The percentage of retaliation charges has roughly doubled since 1998, making it the most frequent charge filed with EEOC. Nearly 45 percent of all private sector charges filed in 2015 included retaliation claims. In the federal sector, retaliation has been the most frequently alleged basis since 2008, and retaliation violations comprised 53 percent of all violations found in the federal sector in 2015. Recovering nearly $174 million just through mediation and conciliation adds a significant boost to the EEOC’s budget requests.
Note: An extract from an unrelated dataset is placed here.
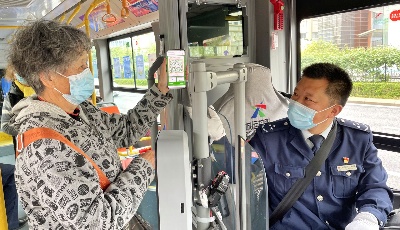 “數(shù)”說敬老  青島公交十米車廂流動萬般敬老情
For 2016 and beyond, expect the EEOC to become involved in many new aspects of the workplace. It has ramped up its outreach programs to individuals it classifies as “vulnerable workers” – e.g., those often unaware of their rights under the equal employment laws, or reluctant or unable to exercise them. These “vulnerable workers” are future EEOC charging parties. The commission also hired eight new trial attorneys in 2015 and plans to hire seven more in 2016, so employers should expect the EEOC to be an especially vigilant participant in litigation against employers. As a result, employers are encouraged to “get ahead” of these issues and revise, if necessary, their practices and procedures accordingly. Ongoing education and compliance training are essential. Employers who turn a blind eye to these (and many more) potential workplace landmines are undertaking huge financial risks that might be avoidable.